To keep it low cost/free we’re using t2 micro EC2 instances. The name_prefix will be prepended to the instance name. For the image_id you need to use an Amazon Machine Image ID number from the region in which the EC2 instances will be deployed. For this project I’d recommend finding the AMI for Amazon Linux 2 in your region. We’ll come back to the user_data later, but for now just know that this will be loaded when the EC2 instance is created.

The rest of the resource block contains the network interface information and a tag for organisation. The network interface has to be assigned to the subnet in which we’re putting the EC2 instances (now is that a public or private subnet?) and the security group will be created later.

  network_interfaces {
    associate_public_ip_address = false
    subnet_id                   = aws_subnet.<subnet3-name-here>.id
    security_groups             = [aws_security_group.<ec2sg-name-here>.id]
  }
  tag_specifications {
    resource_type = "instance"
    tags = {
      Name = "<instance-name>"
    }
  }
}

5.2 - User Data

The user_data referenced should be in the same directory as the .tf files. It’s a bash script that will run on the EC2 instances when they’re created. With this project we’re just running a web server for demonstration purposes, so in production this user data will likely be more interesting.

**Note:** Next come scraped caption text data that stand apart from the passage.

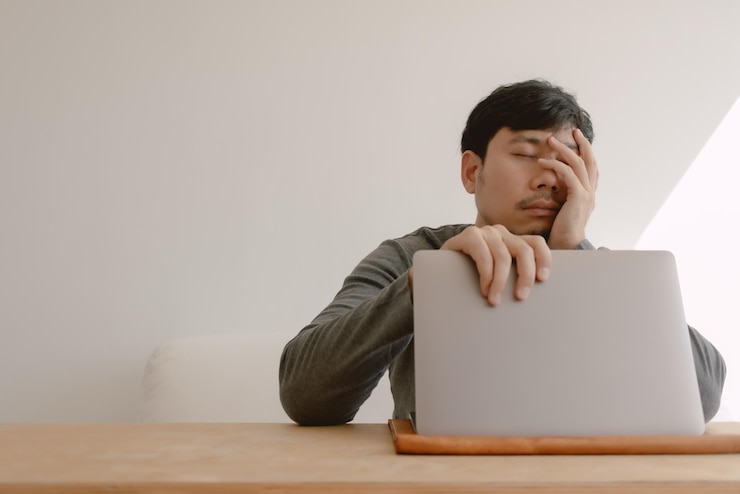 Man die zich verveelt, moe en slaperig voelt bij het werken met de computer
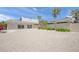 Exterior showcasing a modern home with a gravel driveway, a two-car garage, and a lush green landscape at 1186 Center Pl, Sarasota, FL 34236
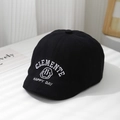 Gros plan de la casquette gavroche en coton noir avec broderie smiley blanche pour enfant - 52cm (2-5 Ans) / Noir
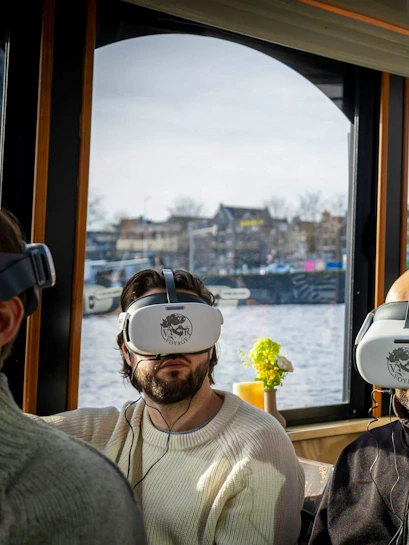 Guests experiencing 17th Century Amsterdam VR Canal Cruise with headsets.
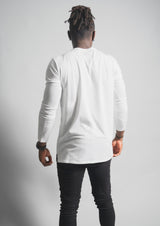 Male model with a white split hem long sleeve shirt with a back view to show back contours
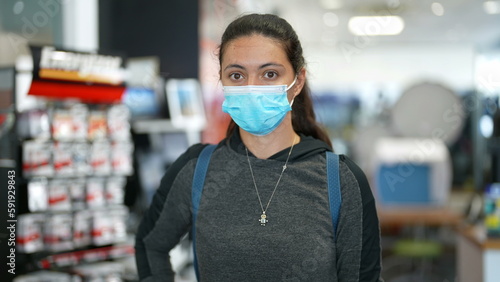 Portrait of woman wearing surgical face mask indoors. Female person using protective accessory during pandemic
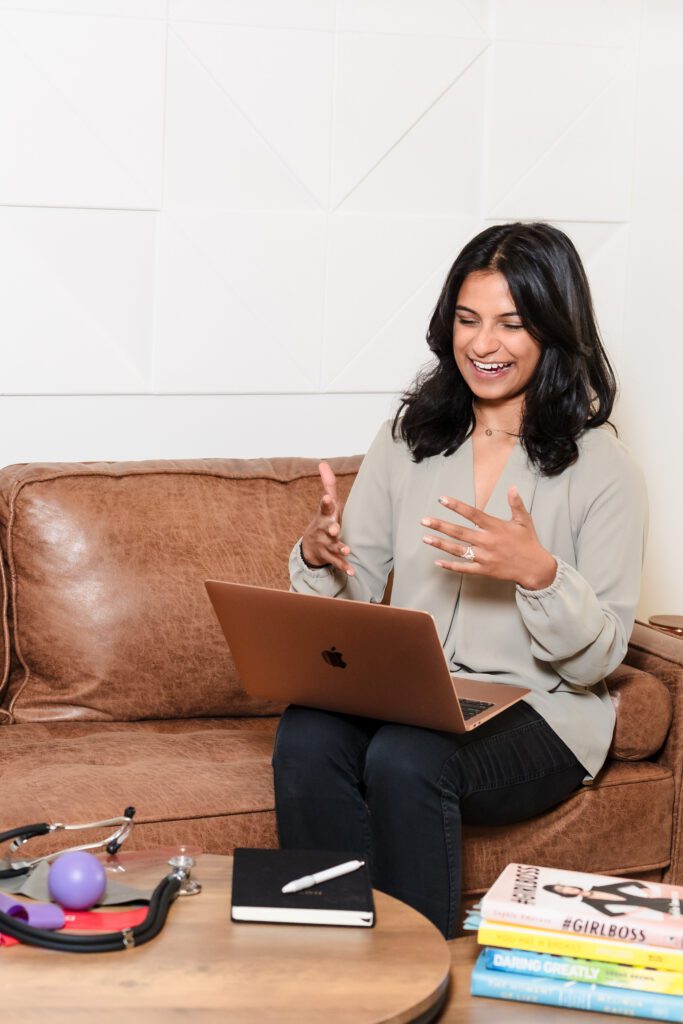 woman in a zoom call with a client, laptop in her lap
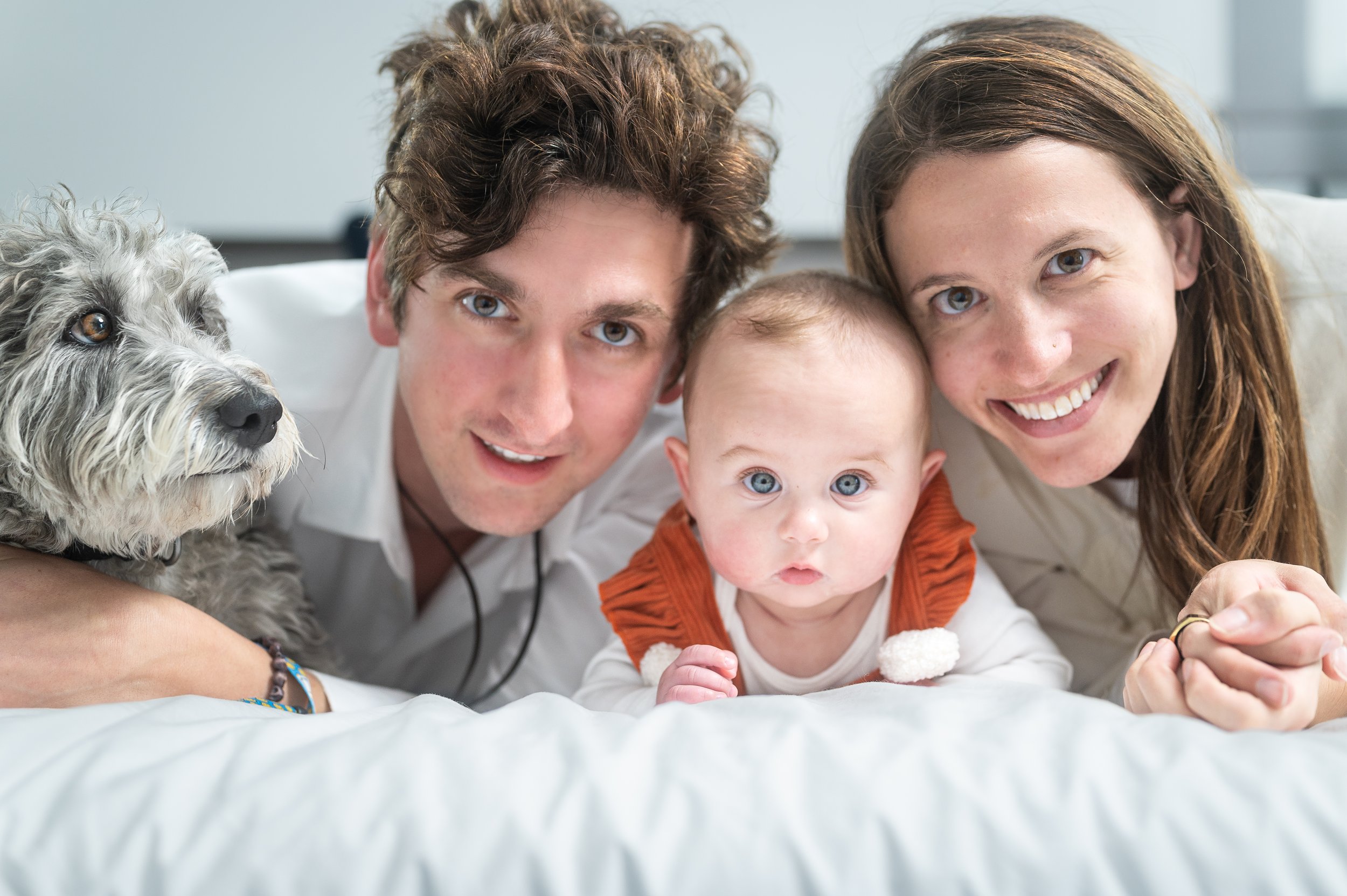 A family of three with a dog lying on bed, smiling and looking at the camera. The family includes a man, a woman, and a baby. The dog is furry and attentive.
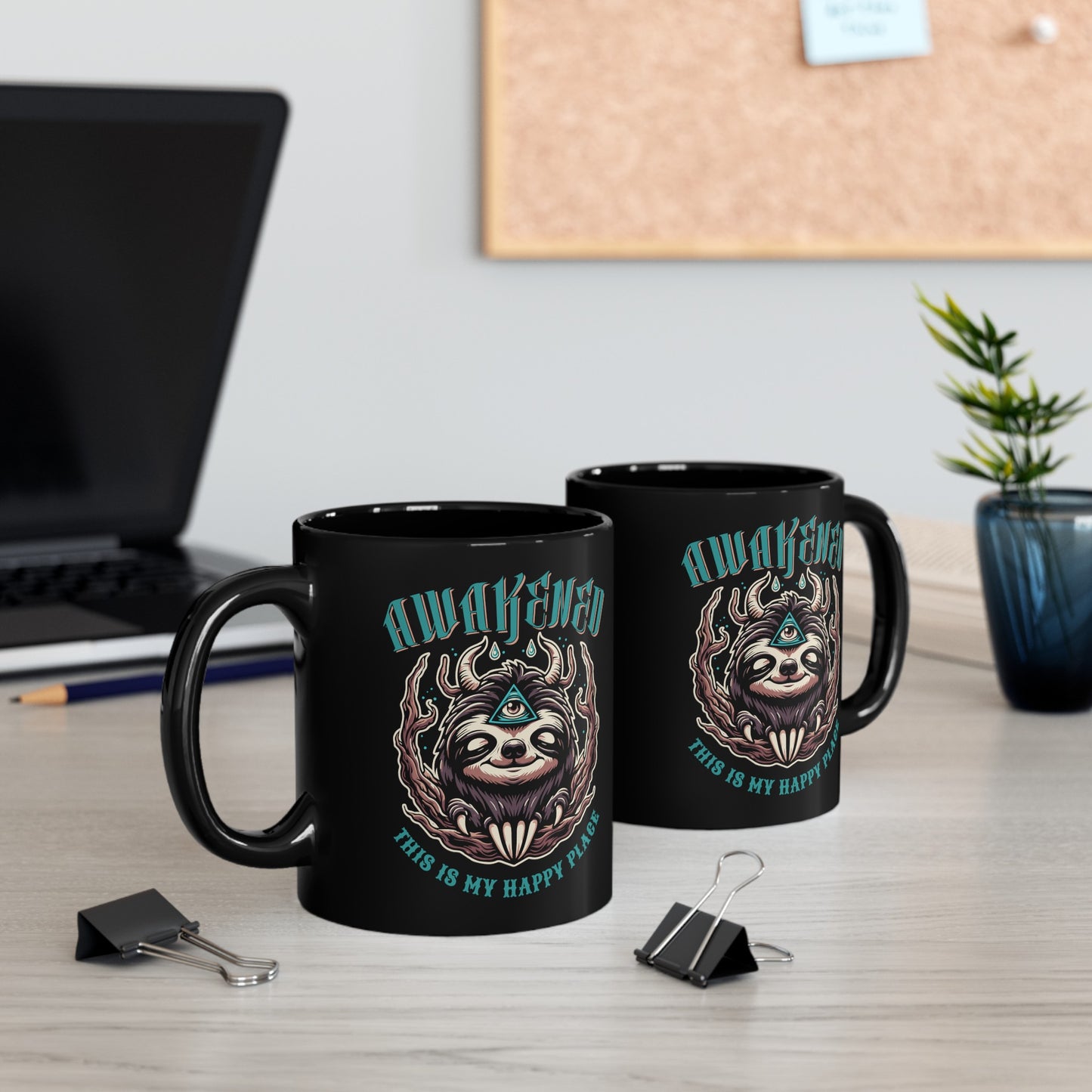 Black mug of a sloth with a third eye with text above AWAKENED and text below THIS IS MY HAPPY PLACE.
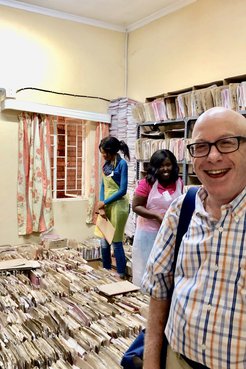 A man stands behind stacks of paper files.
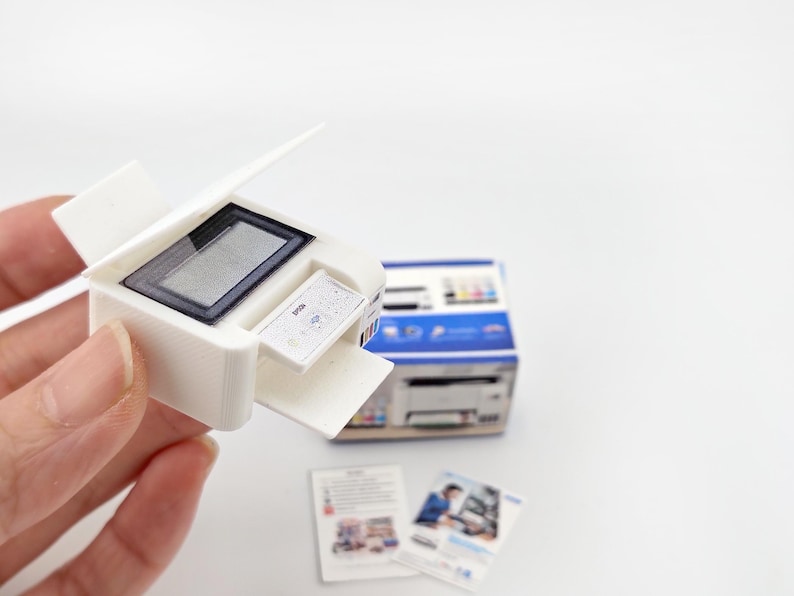 May include: A miniature white printer with a black screen and a small paper tray. The printer is held in a hand, with a box and two small brochures in the background. The printer is a model, likely for a dollhouse or miniature scene.
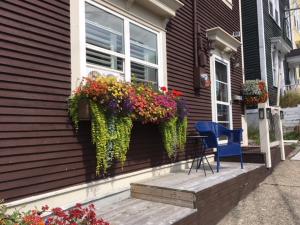 a blue chair sitting on the porch of a house with flowers at The Narrows B&B in St. John's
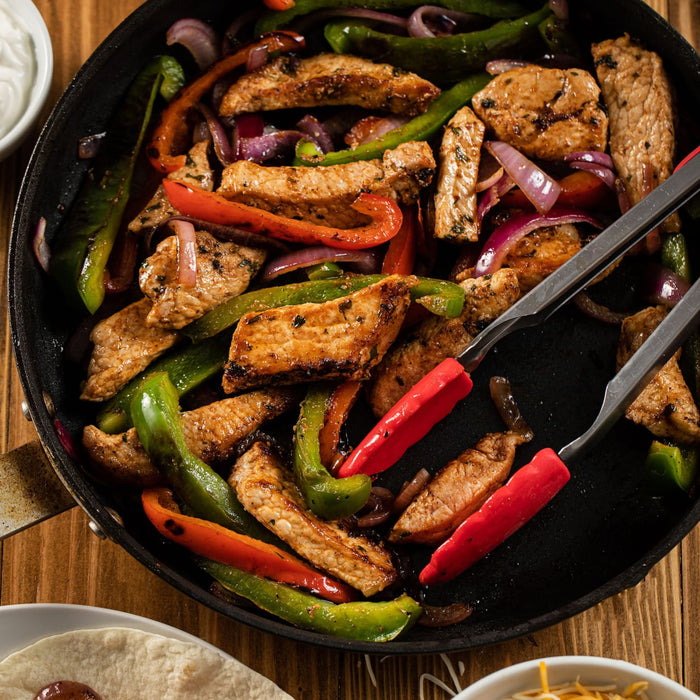 A sizzling skillet of chicken and vegetable fajitas, seasoned to perfection with Schwartz Garlic Salt, 73G, is shown with tongs ready to serve.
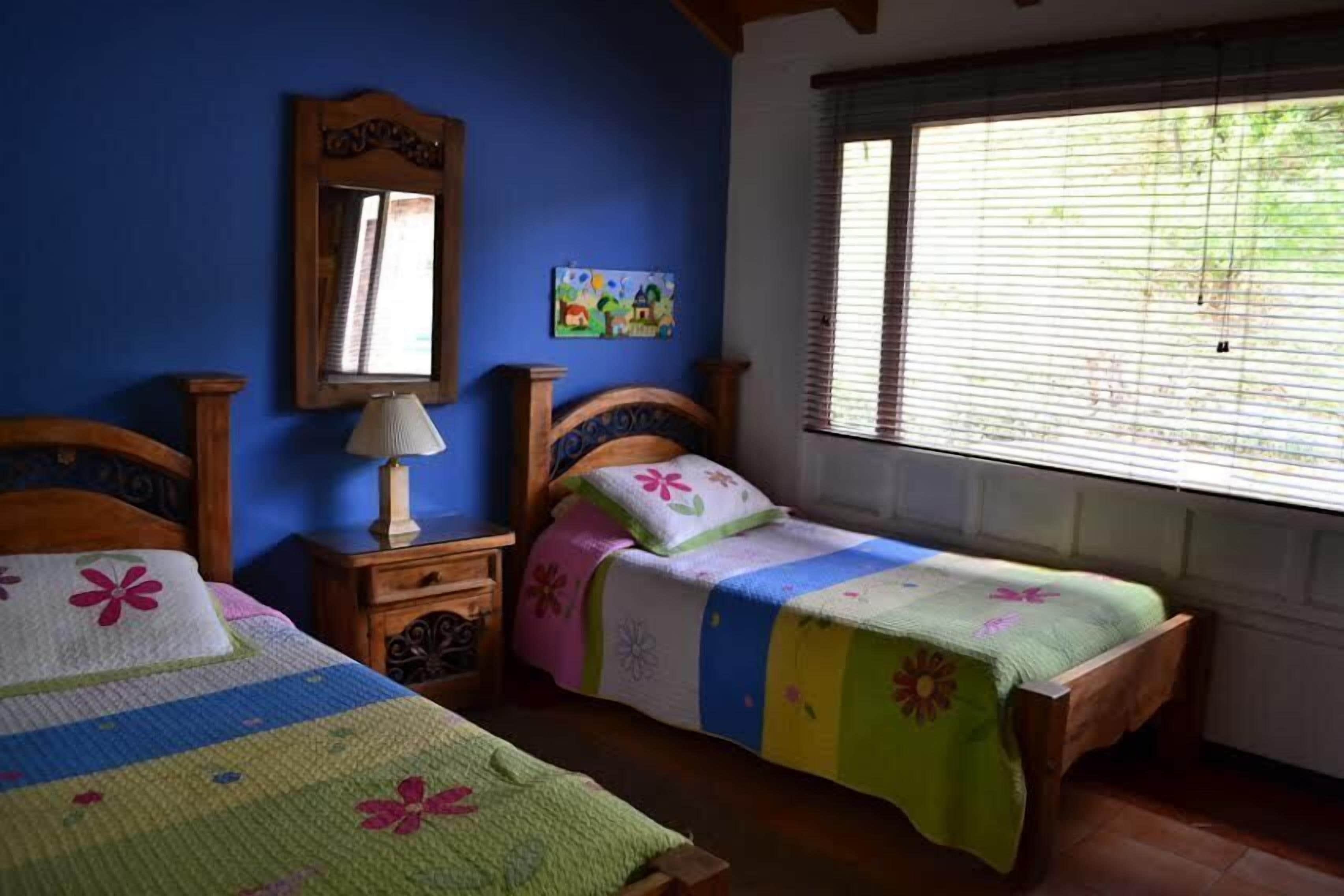 Een slaapkamer met twee houten bedden, een nachtkastje met een lamp, een spiegel en een raam met jaloezieën.
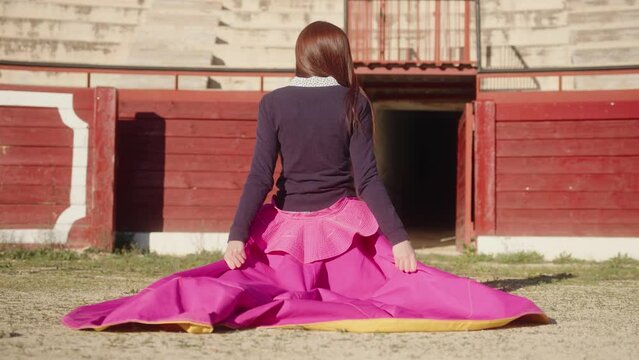 Back View Of Female Matador At Bullring Arena With Muleta On A Sunny Day. - static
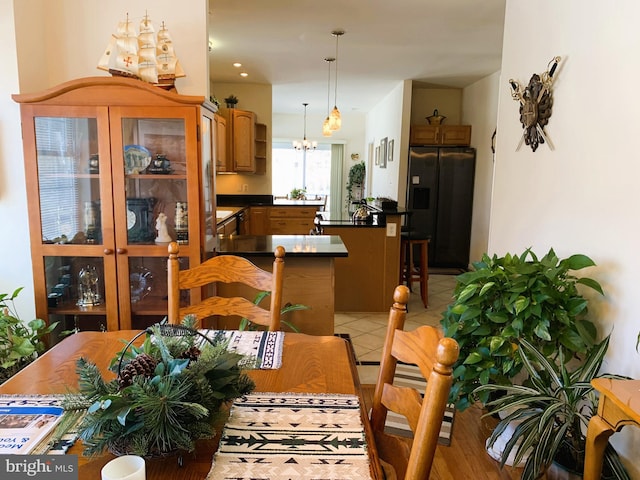 tiled dining space with a notable chandelier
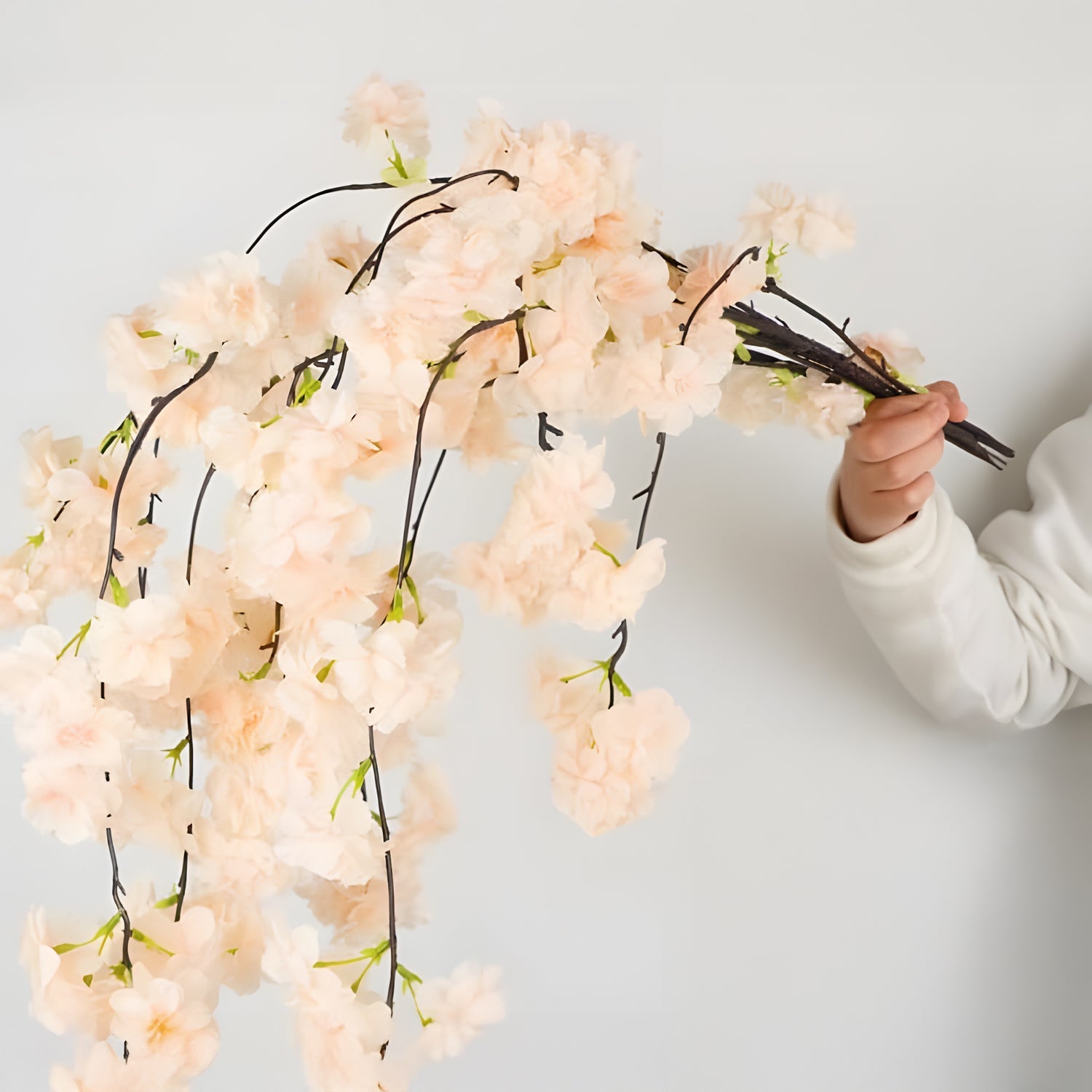 Someone wearing a white long-sleeve shirt holds a bundle of Prunus Ukon Blossom Tree by Landmark Decor, featuring light peach-colored cherry blossoms with beige drooping branches, set against a plain light gray backdrop.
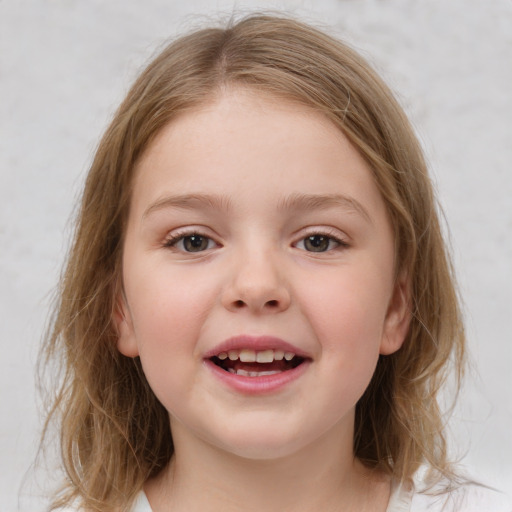 Joyful white child female with medium  brown hair and blue eyes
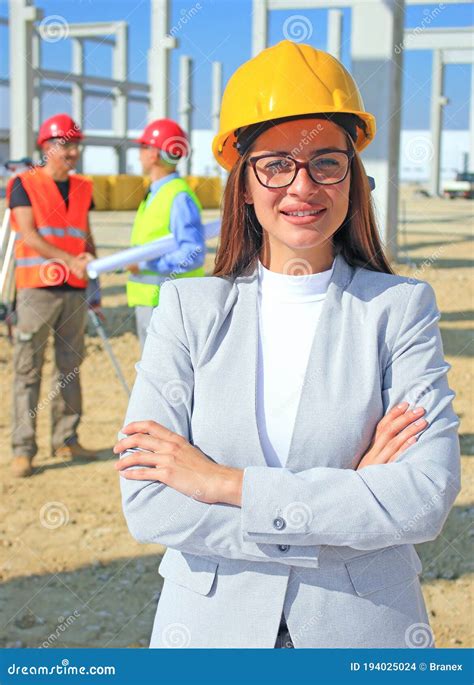 Happy Beautiful Female Architect On A Construction Site Stock Photo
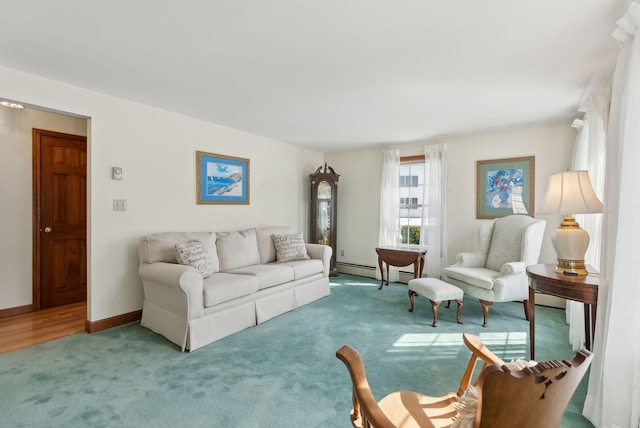 carpeted living room featuring a baseboard heating unit and baseboards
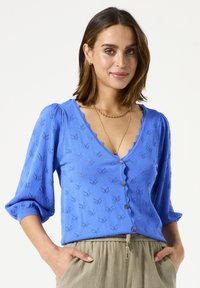 Cardigan bleu texturé avec un col en forme d'ondulation et des manches trois-quarts. Caractérisé par des boutons décoratifs et un motif subtil ressemblant à des feuilles.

Create user_data.sh and fill it with the following:

#!/bin/bash
sudo yum update -y
sudo yum install -y httpd
sudo systemctl start httpd
sudo systemctl enable httpd
echo "<h1>Ahoy there skipper, welcome to $(hostname -f)<h1>" > /var/www/html/index.html

If you’re planning on becoming a cloud engineer then you should be able to recognise what this script does before starting this guide. But if you’re really stuck…

The first two lines update the system packages and install a web server.

  • yum is the package manager used in Amazon Linux 2
  • yum update upgrades the installed packages to the latest versions
  • yum install installs a new software package
  • httpd is how RHEL based distros refer to the Apache web server
  • -y is a flag that automatically sends “yes” to yes/no prompts

The next two lines get the web server running.

  • systemctl is used to control services
  • systemctl start starts a service
  • systemctl enable sets a service to start upon boot

And finally the last line sends some HTML code to the default site location for the web server software.

  • echo prints a string to the standard output
  • $(hostname -f) inserts the fqdn to the string
  • > redirects where the string goes (from stdout to the index.html)

So all in all this bash script will update the EC2 instance’s OS, install Apache, start Apache and set it to start on boot, then create a simple HTML document containing the fully qualified domain name of the EC2 instance.

^top

6 - Security Groups

Finally, we need to allow traffic to pass through our load balancer. This is done by applying security groups to the various services.

6.1 - Security Group for ELB

Let’s start by creating security-groups.tf and adding the SG for the load balancer:

resource "aws_security_group" "<lbsg-name-here>" {
  name   = "<lbsg-name-here>"
  vpc_id = aws_vpc.<vpc-name-here>.id

Next we specify the ingress rules for permitting HTTP and HTTPS traffic. Note that the IP address range matches for CIDR block 0.0.0.0/0.

  ingress {
    description      = "Allow HTTP requests from all sources"
    protocol         = "tcp"
    from_port        = 80
    to_port          = 80
    cidr_blocks      = ["0.0.0.0/0"]
    ipv6_cidr_blocks = ["::/0"]
  }

As before, I’ve omitted the port number to get the noggin’ joggin’. We specify the rule for a range of port numbers, but in this case we only want to target HTTPS traffic so the from_port and to_port will be the same value.

  ingress {
    description      = "Allow HTTPS requests from all sources"
    protocol         = "tcp"
    from_port        = <port-number-here>
    to_port          = <port-number-here>
    cidr_blocks      = ["0.0.0.0/0"]
    ipv6_cidr_blocks = ["::/0"]
  }

Port 443 is used for HTTPS.

And to close the block off add the egress rule. As we wish to permit all traffic out, the rule’s port range is 0 to 0. and the protocol is set to -1 - this is semantically equivalent to all protocols.

  egress {
    from_port   = 0
    to_port     = 0
    protocol    = "-1"
    cidr_blocks = ["0.0.0.0/0"]
  }

}

6.2 - Security Group for EC2

In the same file (or in a separate file, I’ve grouped them together for convenience) add another security group resource block for the EC2 instances.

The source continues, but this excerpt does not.